(Above) Caption on back of photo in red crayon reads: ‘Neville talking to Sobhraj who is under arrest in Delhi, Dated 1977. [Photographer unknown/The Generalist Archive]
DT: So what is happening to Sobhraj now?
RN: As far as Charles Sobhraj is concerned, our book is the case against him. This is another irony, Neville as a cop. All the weeding together of the evidence, both from his mouth or from police records or from talking to the victims who survived, was done by us.
My greatest fear - its not a personal fear because if Charles escapes from jail I'll just change my name and go into hiding in Melbourne - is that more people will get killed because once you've killed one person nothing stops you killing others. You go to the same hell really. However we're battling a remarkable, charismatic, unstoppable man.

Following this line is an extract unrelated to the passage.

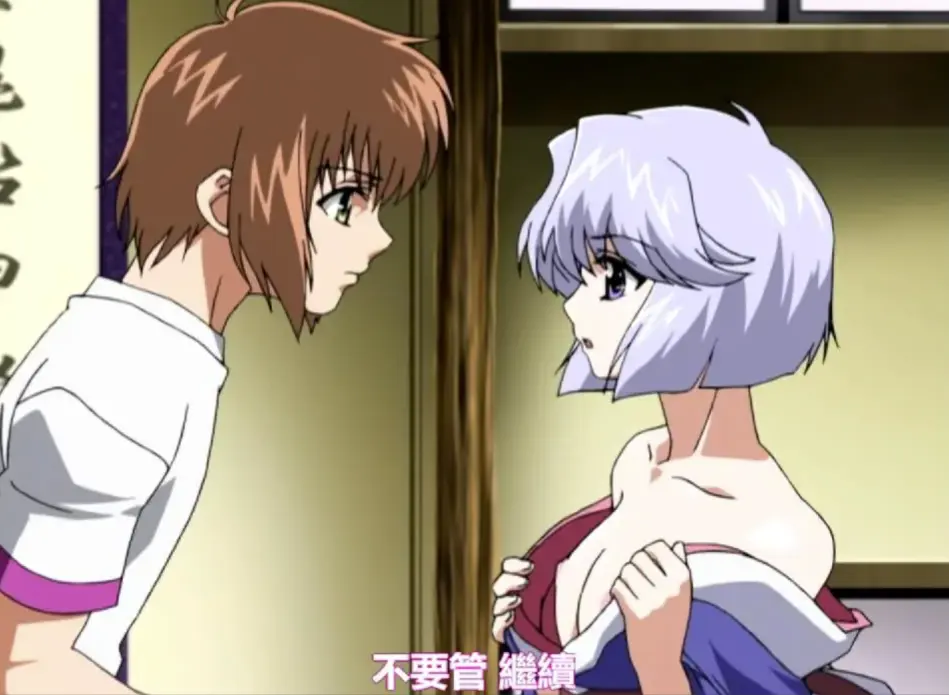 《姐姐,我们来谈恋爱吧》-星辰恋爱剧情-1-5集高清-樱花动漫HD-姐姐,我们来谈恋爱吧星空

The latest news is this. All those people that were arrested with him in Delhi are now out of jail. Some of them are out of the country. One of them is back here. Even Marie Andrée Leclerc, who was his girlfriend in ? at the time of the murders, is now out of jail.
Charles has got a tape recorder in the jail so when some of the prison guards came and accepted a bribe from him to do something, he then took a petition to the High Court aimed to expose their corruption, which he withdrew at the last minute on condition that he was given the prison canteen to run, which sounds like small beer. It isn't. That gives him a lot of power because he gets a rake-off of every deal that goes on in jail to do with food. So he's in a position of absolute power.
A couple of prisoners were beaten up by him a few weeks ago. In other words he's running Tihar jail. In fact in one of his last letters to me, he said he wanted to congratulate himself because this time he would escape from jail by legal means. There is no extradition treaty between India and Thailand, which is where the five murders were committed. So let's say that his legal future is looking full of holes, so he could conceivably, some time in the next twenty years, be out scot free. Even though to me, personally, on tape which I have, he has confessed to the five murders in Thailand, two in Nepal and one in Pakistan. Personally confessed on tape to me. He has been charged with none of these murders yet because they took place in countries other than the one he was arrested in. So the world has not heard the last of Charles Sobhraj.
DT: Do you see any strong parallels between Charles Sobhraj and Charlie Manson ?
RN: There are obviously some parallels but there's none of that messianic hippie, Beatle-record-listening-to weirdness that Manson had. Manson used to meet women on street corners, fill them up full of acid, start to fuck them, tell them that their father was fucking them, play all sorts of psycho games. Charles was much more subtle, urbane and less obviously fucked up. and is not so much interested in having a whole commune of people. Charles is a loner. I think the parallels are very few except that he is young and charismatic, male, with a lot of accomplices, both male and female, around him. But to me its a different story played back on a different cultural tapestry.
Certainly I think the one strong element in both stories is how jails turned out to be their universities. That's where they both got their PhD in criminology. Charles' story comes out as a testimony of the failure of the prison system to do anything other than produce Charles Sohbraj1s. The final sting in the tail of all that is we may not agree with capital punishment but what do you do with a person like Charles. It does put that dilemma right back onto our doorstep. Would you want him knocking on your back door? I wouldn't.
DT: What do you think are the implications of making a big movie about such a man?
RN: One of the reasons that I have stressed that the case against Sobhraj was our book was because I'd been asked often are you glorifying a criminal, which to me is ridiculous. Are you glorifying Adolf Hitler because you're writing a book about him ? I think that to decide not to tell a story because one individual may get an ego benefit out of it is ridiculous.
Whether or not the book works its an extraordinary story that, if you'd gone away with lots of acid and marijuana - 70 people in a room and 18 monkeys - came back and wrote the story up, you'd say bullshit, completely ridiculous, start again, it's too fantastic. It must be told and I think the book does tell it.
So what do we learn from it? First of all that gets shaky because there's no Agatha Christie black-and-white motive for the crime. But there are not many in-depth portraits of a murderer of the calibre of Sobhraj. I think that's why the book has now been set as a text book in criminology classes and psychology classes. The book goes right in deep, none of it made up, from suitcases and suitcases and suitcases of original documents.
This is a story that has incredible relevance because we're all part of that story. We're all part of the Vietnam War and of cultural and family dislocation. The events of history sweep through that book just as they swept through our lives.
On top of all this Sobhraj is still alive. Its a story about the complete failure of law and order internationally, a complete indictment of the police forces, from Interpol to every Asian police force you can imagine. A lot of the critical consciousness that OZ had I think that this book has because of the story it tells.
In the end its an insight, a portrait of the making of a monster.